Meet the The Unconventional Barber

A barber had experienced a string of setbacks and was deeply in debt. There was something about the man that made you realize that he was a winner but when he came through doors, he had debts in excess of $60,000 and only 200 spendable dollars. Though he could have bankrupted with honor (most of the debts where accrued by his ex-wife), he visited every creditor and asked for time to make payments.

He found a marginal location for his barber shop (a semi-deserted shopping center whose owner agreed to a year’s lease on credit). The location offered a minimum of $1,000 per month in gross sales. The barber spent $195 on obsolete equipment, moved into his shop, and started cutting hair. He slept in the back of the shop. In three months he had built his business up to $1,500/month and there it leveled off. Since he needed $3,500 a month in net profits, he could never make it operating like a standard barber.
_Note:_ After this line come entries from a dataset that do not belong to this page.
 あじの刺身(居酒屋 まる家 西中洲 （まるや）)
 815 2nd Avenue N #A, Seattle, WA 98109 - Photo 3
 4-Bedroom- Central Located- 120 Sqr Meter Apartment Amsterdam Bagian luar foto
So, he performed a gap analysis on haircut customers and then became a very unconventional barber.

Now a customer gap analysis is identical to a product gap analysis except you look at customer profiles (instead of industry profiles). The barber quickly realized that most customers are extremely bored while they wait for a haircut. Most consider it essentially down time.
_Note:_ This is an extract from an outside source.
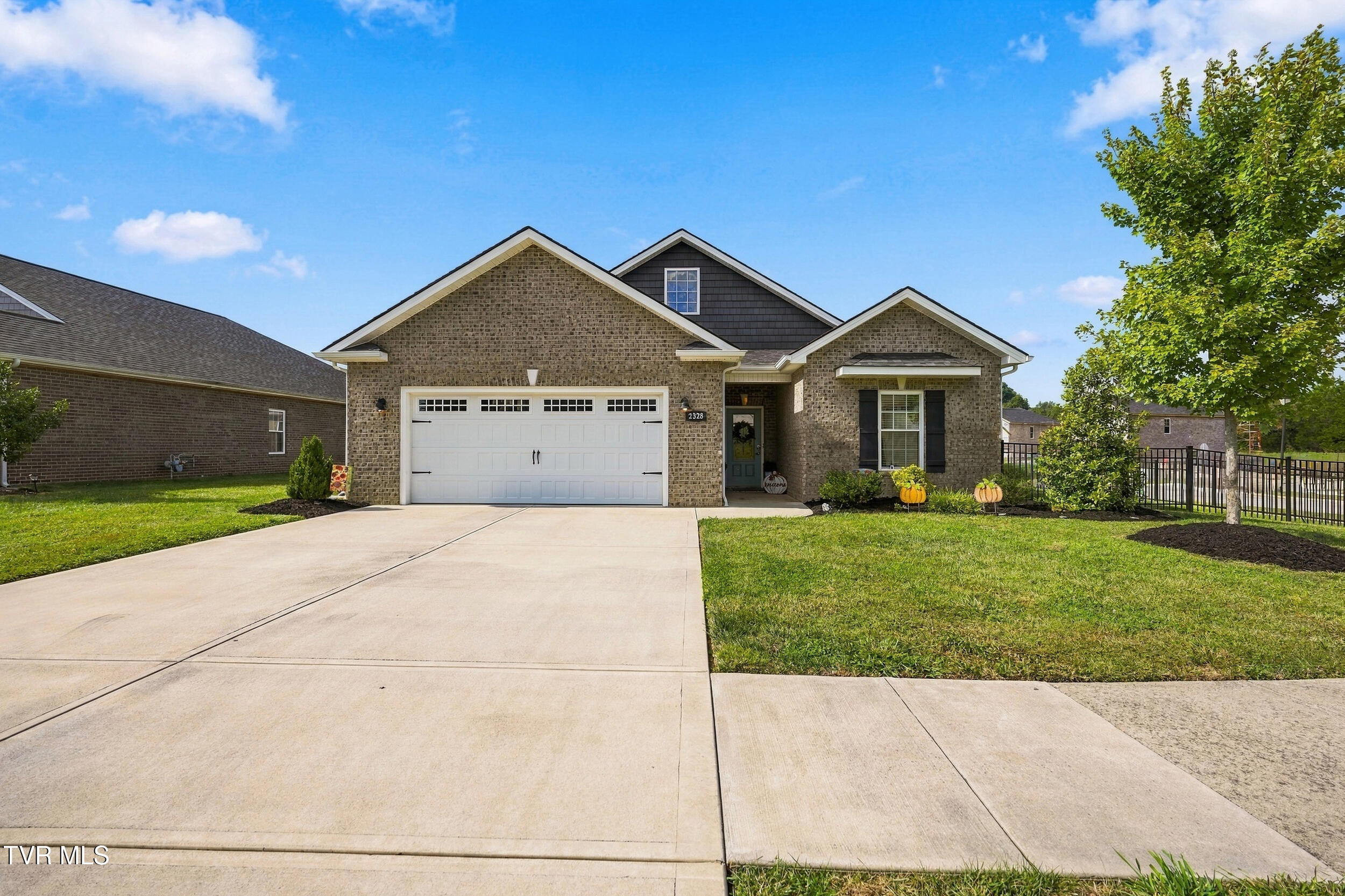 2328 Haystack Circle — photo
The barber therefore decided to “give free drinks” to his customers and observed that his incomes almost doubled from his additional “tips”. Not only did his incomes per customer increase significantly, he attracted drinking men from a 20-mile radius. He was forced to hire two additional barbers. Within four months, his profits had reached $3,000 per month.

Now the drinking man’s barber shop had a unique personality with conflicted with the children, mothers and non-drinkers who needed service. Therefore, he opened a second shop in another vacant store, hired two college students to babysit the children while there fathers enjoyed his primary shop, and decorated the second shop like a child’s fairy-tale. His shop realized significant sales from mothers who wanted cheap baby-sitting while they shopped. The second shop’s profits plateaued at $1,500/month.

The barber and the shopping center owner then went into a partnership in establishing a beauty parlor and laundromat. Beauty shop hair driers, hair rinses, etc, were offered to laundromat ladies. Within six months, these two profit centers were adding another $2,200/month in net profits.

The slight “bending of the liquor laws” began to concern the barber. It was a miracle that the state’s alcohol control board hadn’t discovered and outlawed his “free drink” practices. He therefore opened a legitimate pub and package store next door to his shops. He then bought drinks legitimately from his pub and “gave” them to his drinking customers. The pub also served tasty snacks (venison, veal, oysters, etc.) and became profitable itself.

When the barber first came into the semi-deserted shopping center, there were 22 vacancies in 48 shops. The additional customers that he attracted made the center an attractive location for other shops and after he opened his pub, the center was completely occupied.

Where would this man be if had insisted upon being just another conventional barber?